The end result was Chess Academix, an initiative that started as a tutoring program for “at-risk” children and has since evolved into a business that Caston is expanding nationwide.
Caston has created an 1,100-page curriculum for his program. In it, he relates the pieces on the chessboard to various elements of society.
The rook represents the home. The bishop represents spirituality. The knight represents law enforcement. The pawns represent the common people.
Though valued at only one point each, pawns are important, Caston says, because they help defend more valuable pieces and, once they reach the last row of an opponent’s territory, can become more valuable themselves.
Similarly, Caston tells the children, they can become more powerful in life if they reach their goals.
Caston also teaches the children how to play “inverted chess,” a version in which the board is rotated so that a black corner square is at the player’s right hand and the black pieces are on the offensive. It’s part of a kind of racial awareness that heightened in Caston’s mind when he found himself playing against a student who did not want to use the white pieces.
“There are advantages to being white,” Caston says he told the student, not realizing the double meaning the words seemed to hold until he spoke them.
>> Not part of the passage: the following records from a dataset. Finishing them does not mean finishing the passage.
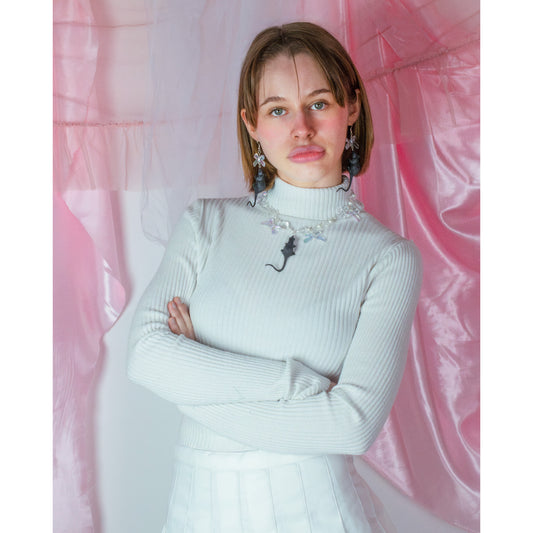 Rat Bow Earrings + Necklace black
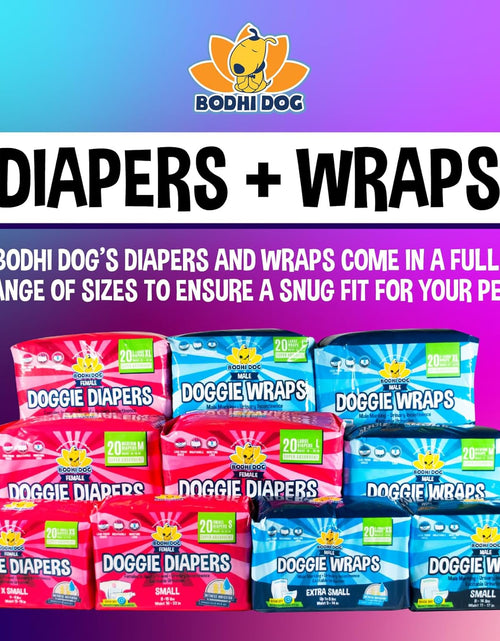 Load image into Gallery viewer, Disposable Male Dog Diapers | Super Absorbent Leak-Proof Fit | Premium Adjustable Male Dog Pee Wraps with Moisture Control &amp; Wetness Indicator | 20 Count Small Size
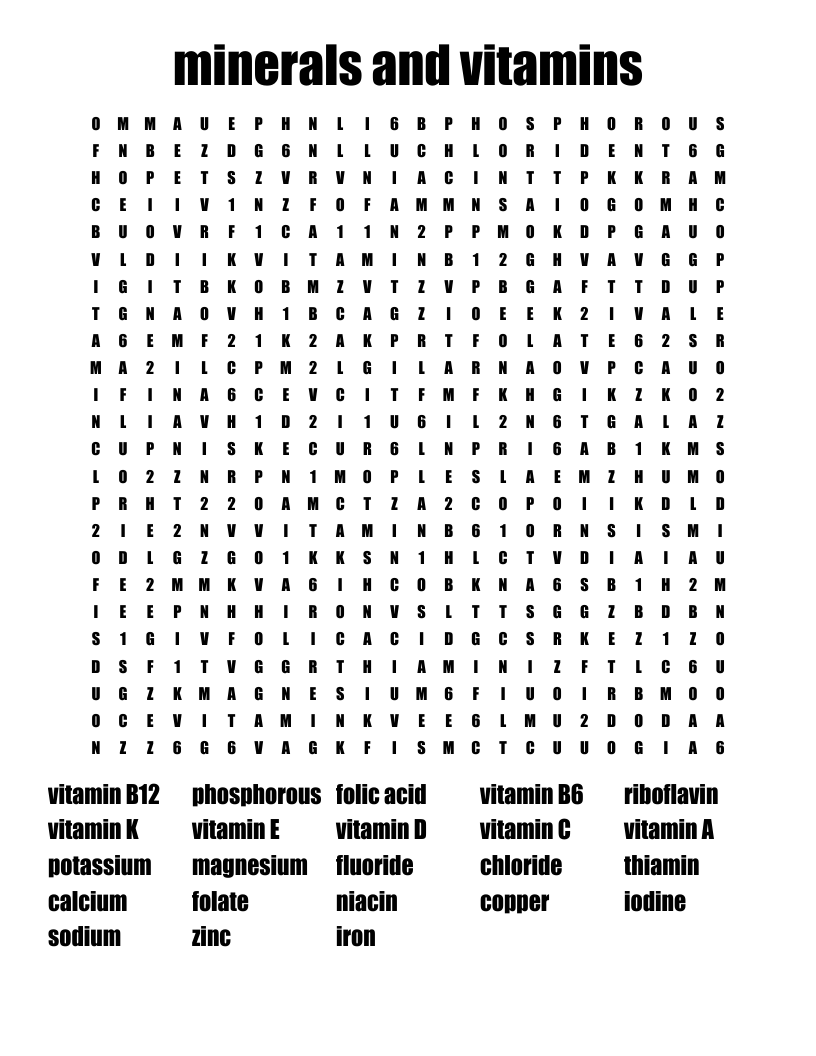 minerals and vitamins Word Search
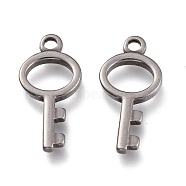 304 Stainless Steel Pendants, Key, Stainless Steel Color, 19.5x9.5x2mm, Hole: 1.8mm(STAS-F263-13P)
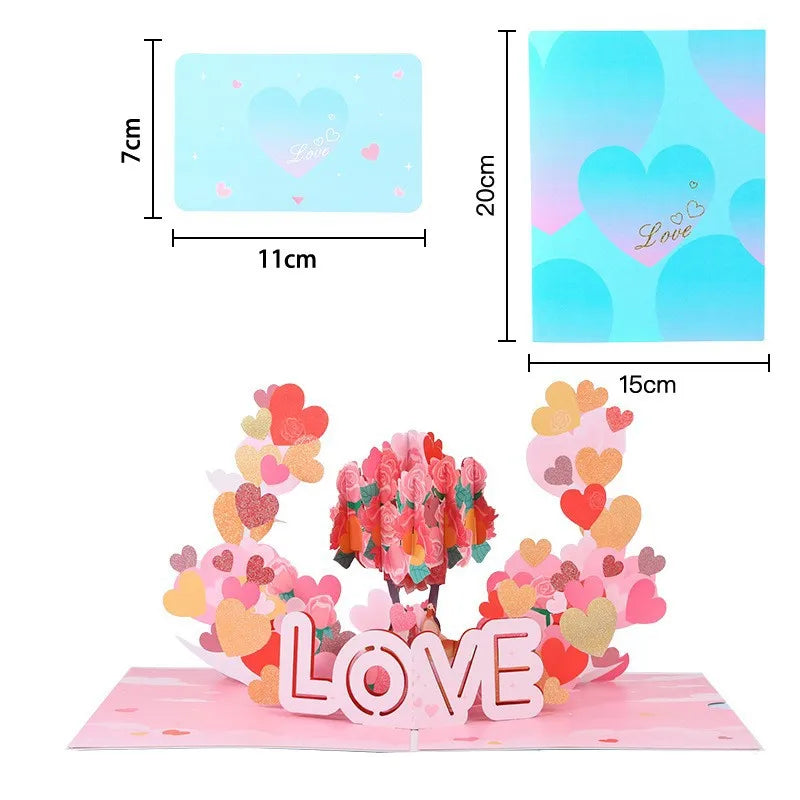 Love Postcard 3D Pop UP Greeting Cards Wedding Birthday Anniversary for Couples Wife Husband Handmade Valentines Day Gift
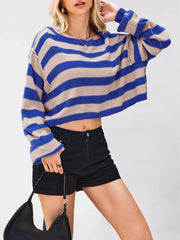 Striped Dropped Shoulder Sweater Blue OutfitFlow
“When I said that, it just resonated in my mind. This kid said, ‘I don’t care. I just don’t want to be white.’”
Through inverted chess, black moves first, essentially putting the black pieces in the same position that the white pieces usually are without altering the dynamics of the game.
In many ways, Caston and his comrades are doing the same thing for black youths. They are grooming them to become masters of their own destinies so that when these children grow up and go out into the world, they’ll be in a better position to succeed at the game of life.